● TO DO
Except for the pictures, reproduce the records word for word.

'''

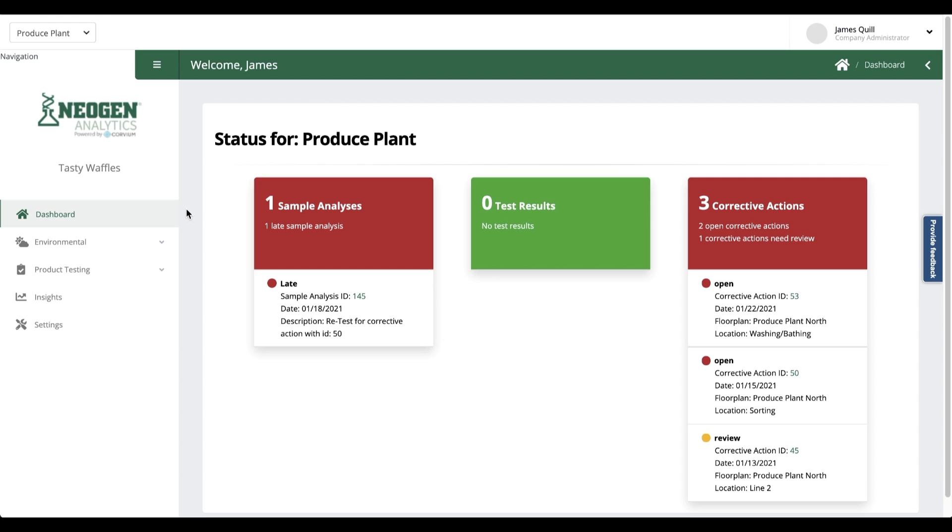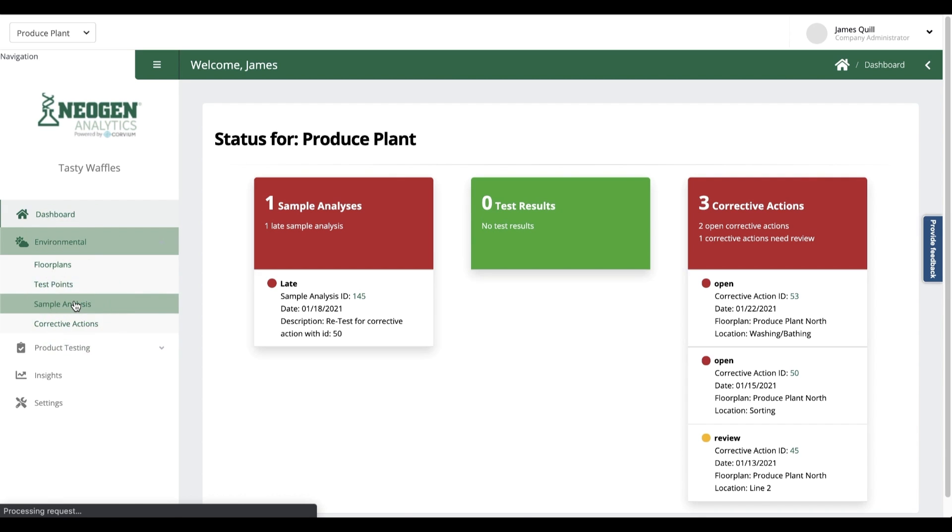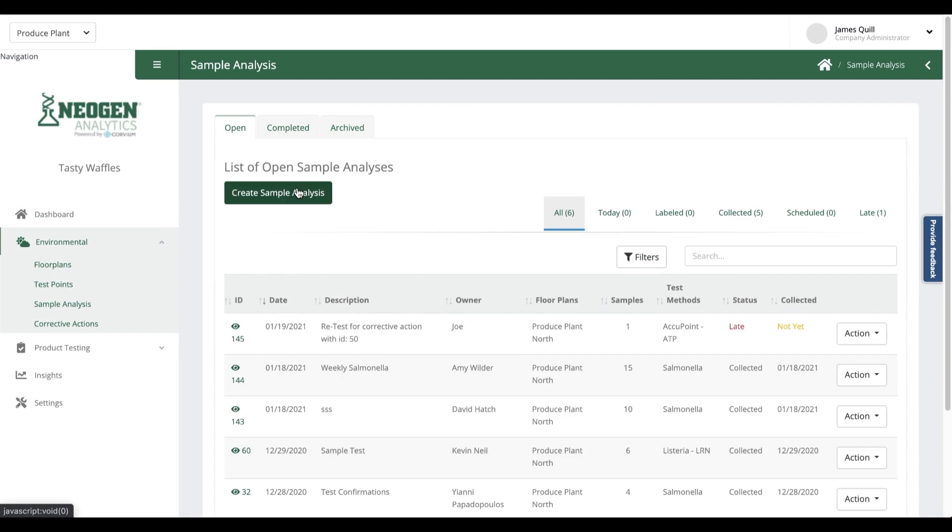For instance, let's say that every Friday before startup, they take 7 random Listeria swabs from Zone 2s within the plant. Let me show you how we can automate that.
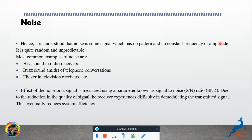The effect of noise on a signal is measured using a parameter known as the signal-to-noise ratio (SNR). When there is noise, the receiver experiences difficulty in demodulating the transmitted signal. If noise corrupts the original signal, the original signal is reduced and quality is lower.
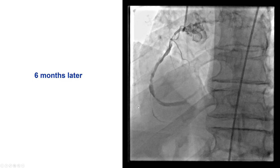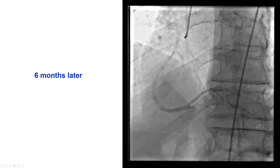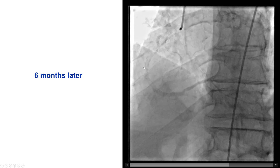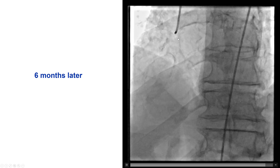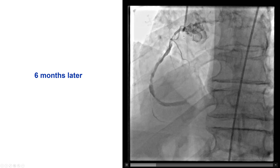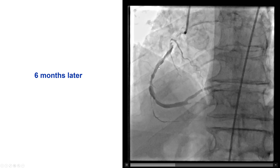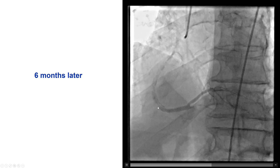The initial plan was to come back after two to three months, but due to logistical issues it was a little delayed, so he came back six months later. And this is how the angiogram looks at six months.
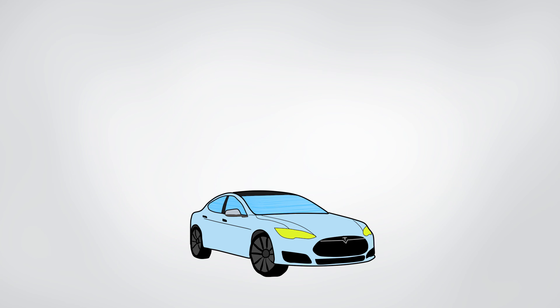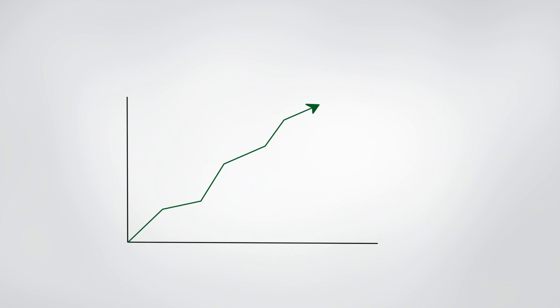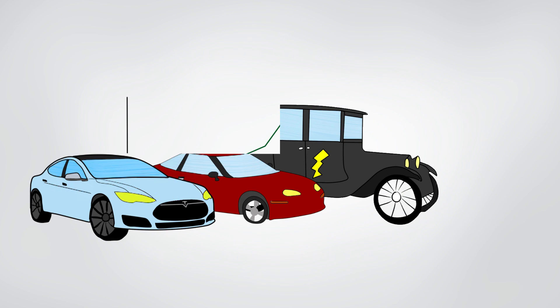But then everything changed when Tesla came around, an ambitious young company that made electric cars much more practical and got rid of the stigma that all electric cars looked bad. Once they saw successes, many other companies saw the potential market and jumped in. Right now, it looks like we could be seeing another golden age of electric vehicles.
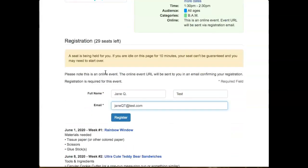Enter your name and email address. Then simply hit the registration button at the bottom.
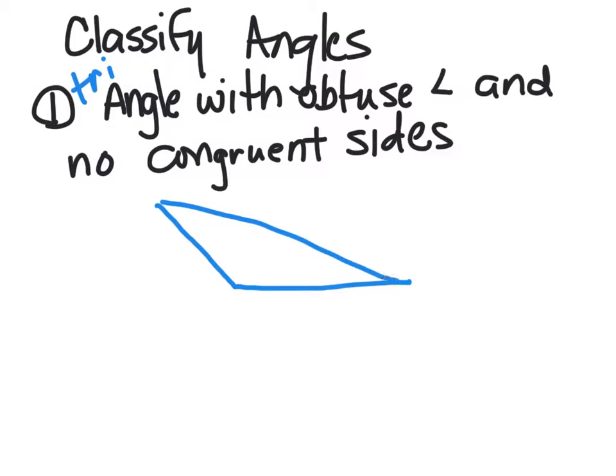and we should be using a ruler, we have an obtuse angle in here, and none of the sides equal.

'''

● WRITTEN RESPONSE
For instance, let's say that every Friday before startup, they take 7 random Listeria swabs from Zone 2s within the plant. Let me show you how we can automate that.
The effect of noise on a signal is measured using a parameter known as the signal-to-noise ratio (SNR). When there is noise, the receiver experiences difficulty in demodulating the transmitted signal. If noise corrupts the original signal, the original signal is reduced and quality is lower.
The initial plan was to come back after two to three months, but due to logistical issues it was a little delayed, so he came back six months later. And this is how the angiogram looks at six months.
But then everything changed when Tesla came around, an ambitious young company that made electric cars much more practical and got rid of the stigma that all electric cars looked bad. Once they saw successes, many other companies saw the potential market and jumped in. Right now, it looks like we could be seeing another golden age of electric vehicles.
Enter your name and email address. Then simply hit the registration button at the bottom.
and we should be using a ruler, we have an obtuse angle in here, and none of the sides equal.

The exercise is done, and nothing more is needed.